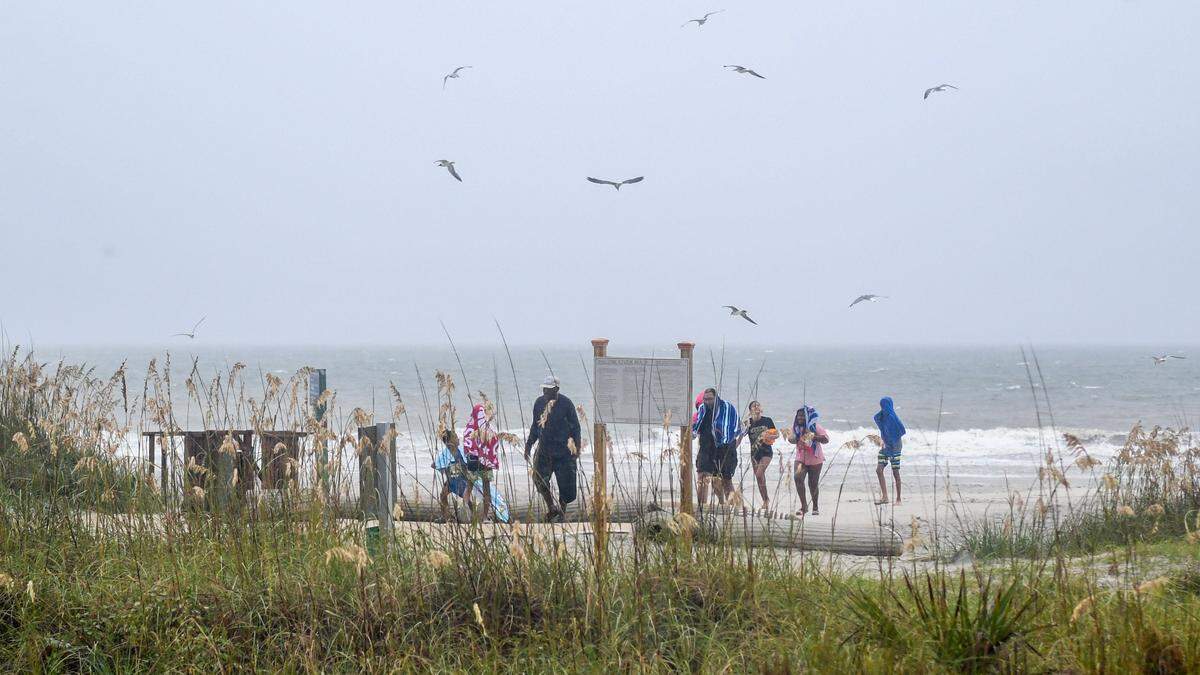 Genee Leonard’s family brave the winds and rain from Tropical Storm Debby at Coligny Beach on August. 5, 2024 on Hilton Head Island. Leonard and her family drove down to Hilton Head from West Virginia and will be here for the duration of the storm.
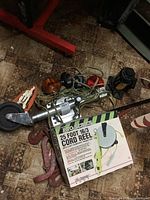 Photo showing a metal trailer jack, a cord reel box with fluorescent light, red magnetic towing lights and tie down straps on the floor.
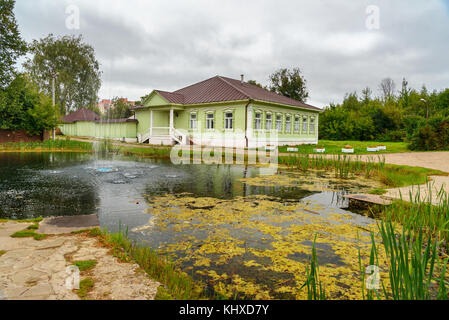 View of pond and wooden house museum of the 19th century in Dmitrov Kremlin. Dmitrov. Moscow region. Russia Stock Photo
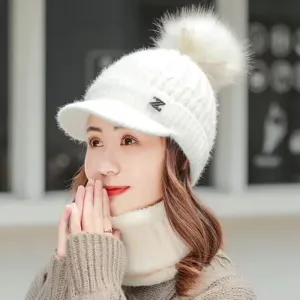 Detailed shot of women's winter thick knit hat with visor, fluffy pom pom, and stylish Z logo.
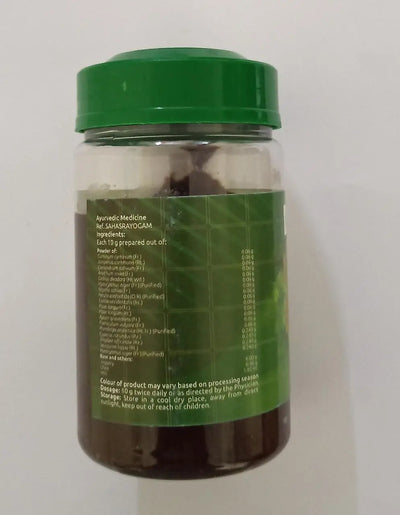 Pancha Jeeraka Gudam, a dark brown herbal jam on a spoon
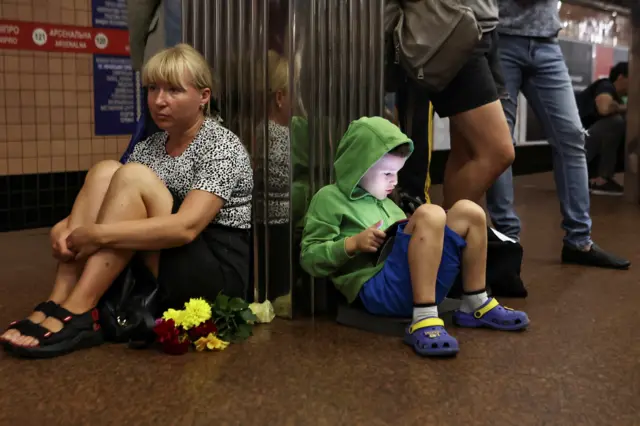 A child and a women sheltering in a metro station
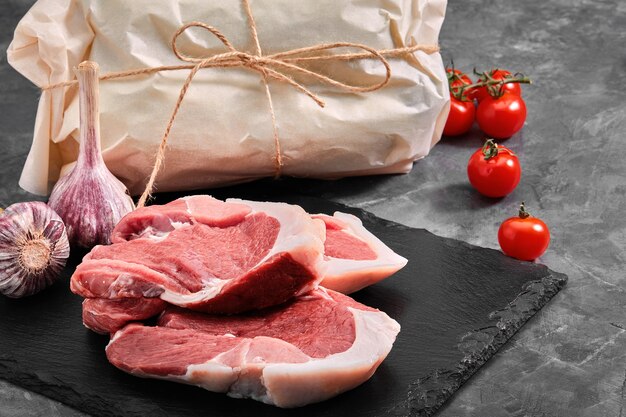 Pork tenderloin Two pieces of pork meat on a slate plate on a gray background copy space photo for grocery stores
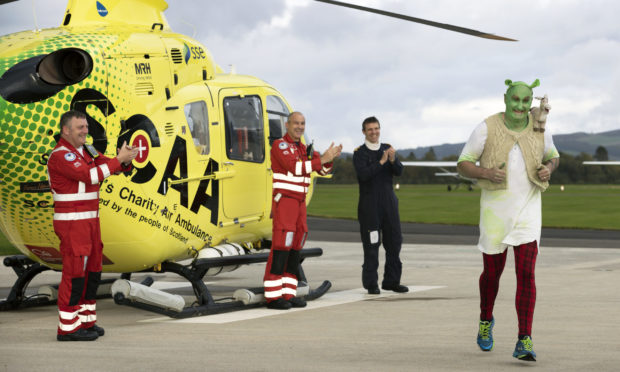 Helicopter pilot Dave Young completed his sponsored 13km run around Perth Airport, raising money for SCAA.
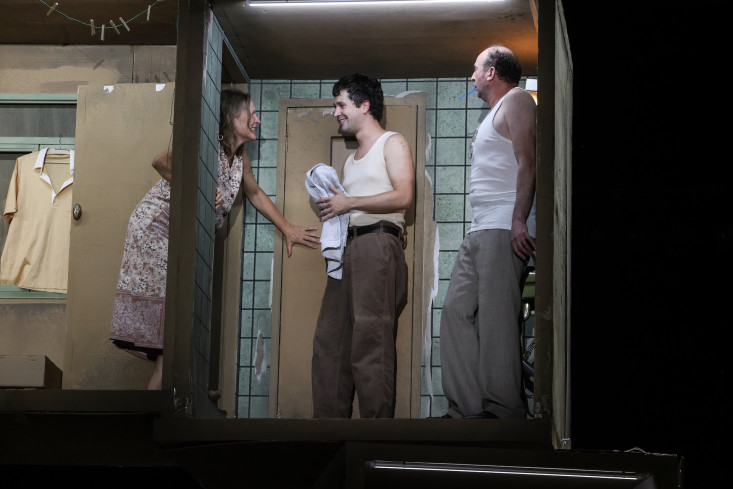 In einem sehr kleinen Badezimmer stehen zwei Schauspieler. Eine Schauspielerin schaut durch die Tür zu ihnen herein. In einem sehr kleinen Badezimmer stehen zwei Schauspieler. Eine Schauspielerin schaut durch die Tür zu ihnen herein.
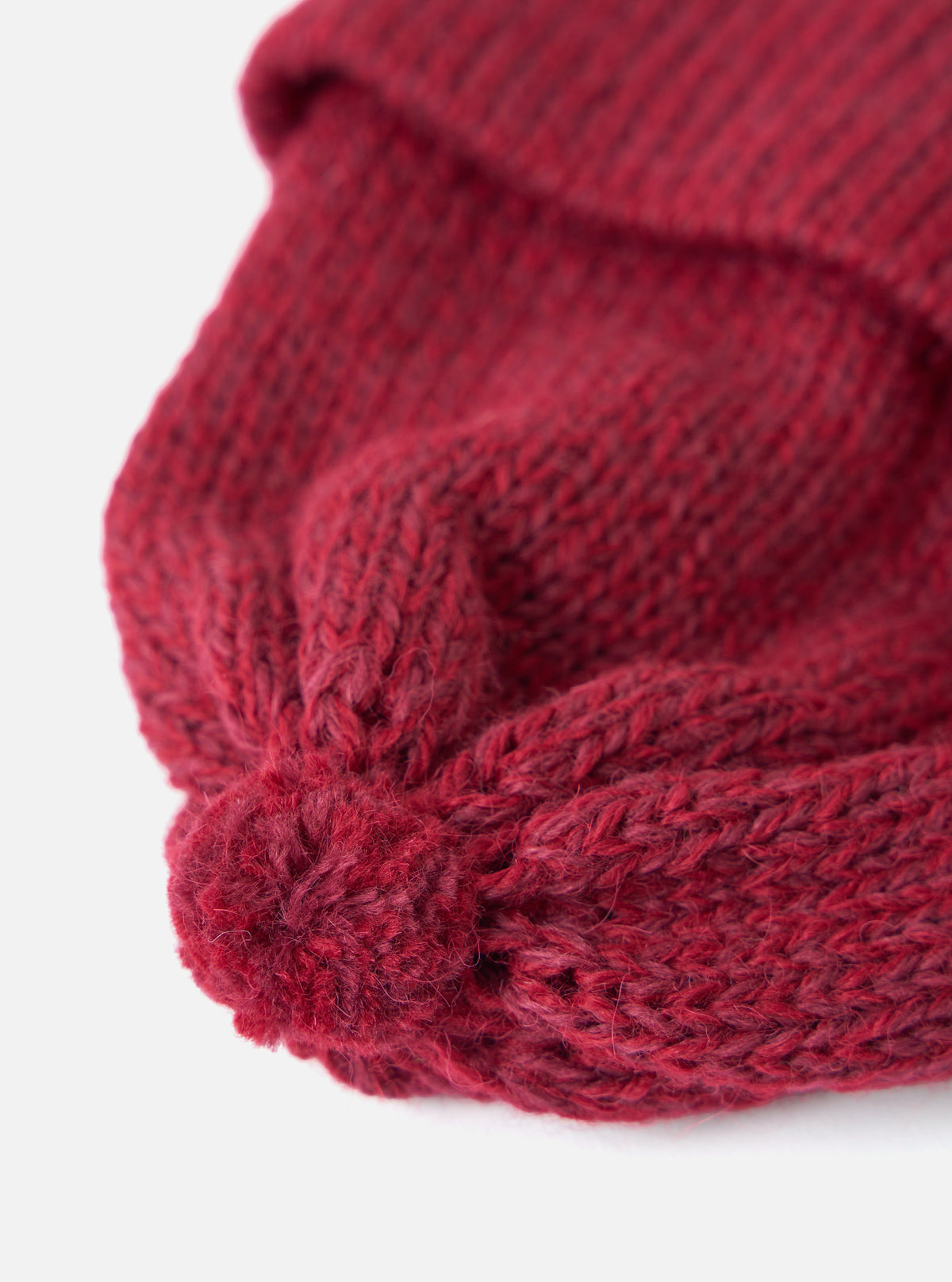 Close-up of a red Alpaca/British Wool Bobble Hat on a white background. The knitted texture and bobble detail are clearly visible.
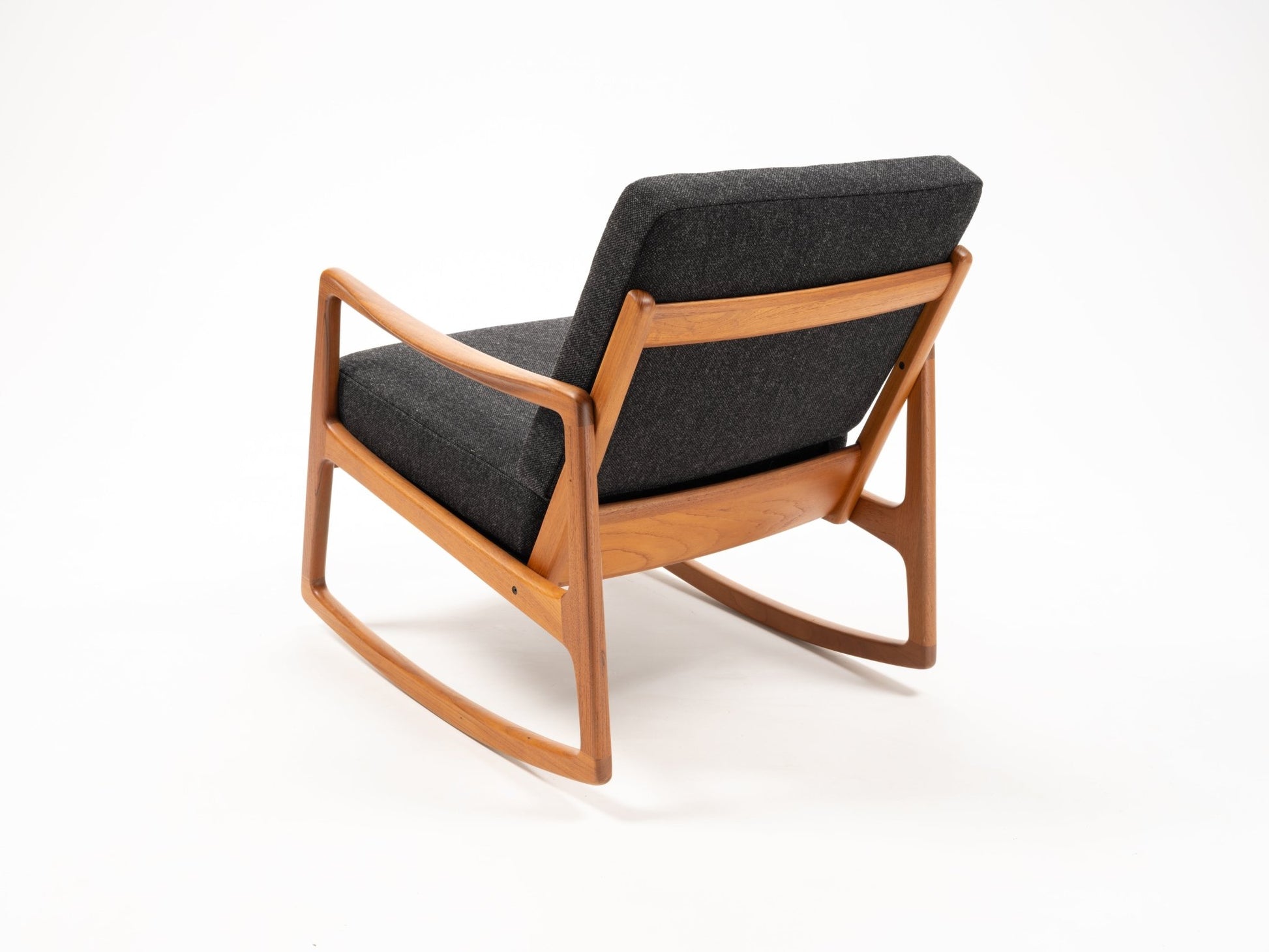Ole Wanscher teak rocking chair with sculpted armrests and dark upholstered cushions, featuring an open-back design.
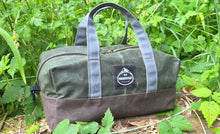 Green and brown duffel bag with a logo on a stone surface surrounded by greenery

→ About this exercise
All lines from the one containing "Helicopter pilot Dave" through the end of the data are to be written out exactly, with nothing added; skip the pictures.

→ Reply
 Helicopter pilot Dave Young completed his sponsored 13km run around Perth Airport, raising money for SCAA.
 In einem sehr kleinen Badezimmer stehen zwei Schauspieler. Eine Schauspielerin schaut durch die Tür zu ihnen herein. In einem sehr kleinen Badezimmer stehen zwei Schauspieler. Eine Schauspielerin schaut durch die Tür zu ihnen herein.
 Close-up of a red Alpaca/British Wool Bobble Hat on a white background. The knitted texture and bobble detail are clearly visible.
Ole Wanscher teak rocking chair with sculpted armrests and dark upholstered cushions, featuring an open-back design.
 Green and brown duffel bag with a logo on a stone surface surrounded by greenery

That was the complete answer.